Ségolène Royal, Gloria Gaynor de la politique française
Coup de tonnerre en pleine torpeur estivale : Ségolène Royal, qu'on n'entendait plus trop, depuis son petit voyage en Algérie, en janvier dernier, est donc candidate. Candidate à la primaire fermée du Parti socialiste qui sera organisée en vue de l’élection présidentielle. Car il y aura « primaire fermée », au grand dam d’Olivier Faure, puisque les militants du parti à la rose en ont décidé ainsi à 55,5 %. C’est leur choix. Un non-événement, me direz-vous, car, après tout, les chances que le prochain président de la République soit issu du parti fondé par François Mitterrand sont, à ce jour, infinitésimales. L’événement, si l’on peut dire ainsi, c’est que Ségolène Royal y retourne. On entend déjà d’ici les quolibets, les moqueries, les railleries. Il n’empêche que...
J’ai décidé de participer à la primaire après de nombreux échanges avec des gens rencontrés, des élus, des citoyens actifs dans des associations, des entreprises.

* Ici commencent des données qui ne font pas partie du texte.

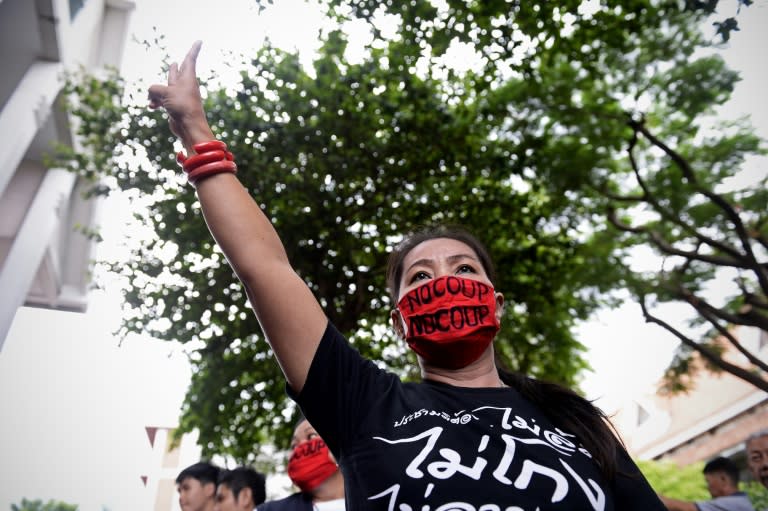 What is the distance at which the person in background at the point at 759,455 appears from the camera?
498 cm

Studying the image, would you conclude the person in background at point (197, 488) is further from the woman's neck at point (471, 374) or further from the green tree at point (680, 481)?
the green tree at point (680, 481)

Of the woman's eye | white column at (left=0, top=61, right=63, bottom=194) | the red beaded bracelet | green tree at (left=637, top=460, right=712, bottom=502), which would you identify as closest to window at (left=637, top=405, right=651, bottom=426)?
green tree at (left=637, top=460, right=712, bottom=502)

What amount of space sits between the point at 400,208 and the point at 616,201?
377 cm

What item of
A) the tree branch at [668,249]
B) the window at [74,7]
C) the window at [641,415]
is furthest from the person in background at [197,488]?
the window at [641,415]

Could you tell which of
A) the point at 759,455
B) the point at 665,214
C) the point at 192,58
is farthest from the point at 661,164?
the point at 192,58

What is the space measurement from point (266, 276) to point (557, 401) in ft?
3.24

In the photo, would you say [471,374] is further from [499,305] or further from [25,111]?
[25,111]

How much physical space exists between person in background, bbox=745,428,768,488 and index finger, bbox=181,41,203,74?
5568mm

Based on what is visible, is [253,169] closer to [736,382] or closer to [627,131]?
[627,131]

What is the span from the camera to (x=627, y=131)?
8.78 metres

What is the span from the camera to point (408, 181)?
834 centimetres

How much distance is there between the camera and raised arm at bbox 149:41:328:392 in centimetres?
136

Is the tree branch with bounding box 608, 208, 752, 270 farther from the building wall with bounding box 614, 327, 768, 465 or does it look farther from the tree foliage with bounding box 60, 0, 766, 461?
the building wall with bounding box 614, 327, 768, 465

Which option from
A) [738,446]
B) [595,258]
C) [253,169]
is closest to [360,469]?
[253,169] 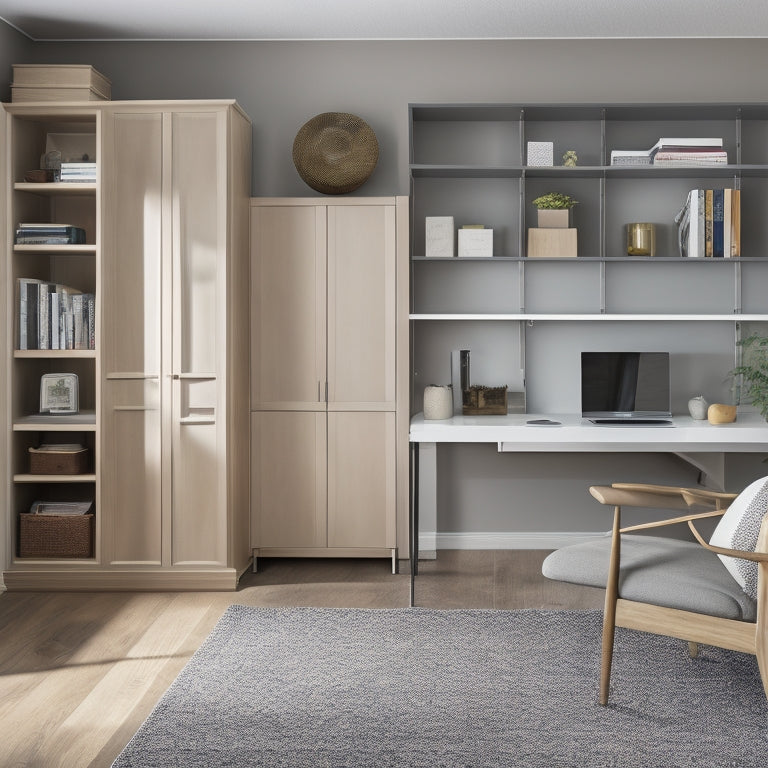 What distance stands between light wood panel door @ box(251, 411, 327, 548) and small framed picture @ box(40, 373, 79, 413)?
0.84 m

Je prends cette initiative avec humilité, sans égo, et sans posture de supériorité comme on en voit trop. Pour…— Ségolène Royal (@RoyalSegolene) July 10, 2026
Royal, avec Hollande, le dernier éléphant du PS
Il n’empêche que Ségolène Royal – on aime, on n’aime pas, ce n’est pas le sujet – fait partie du club très fermé des socialistes qui, depuis 1965, ont été finalistes à l’élection présidentielle : Mitterrand, bien sûr - et face à de Gaulle en 1965, excusez du peu -, Jospin, en 1995 – pas en 2002… -, Hollande en 2012 et, donc, Royal en 2007 face à Sarkozy. En 2017, Benoît Hamon se ramassa au premier tour, à 6,36 %, et, en 2022, Anne Hidalgo pulvérisa tous les records, avec son 1,75 %, moins que le communiste Roussel, qui fit tout de même 2,28 %, ou que le socialiste Gaston Defferre en 1969 (5,01 %). C’est dire. C’est pourquoi, cette candidature de Ségolène Royal n’a rien d’incongru.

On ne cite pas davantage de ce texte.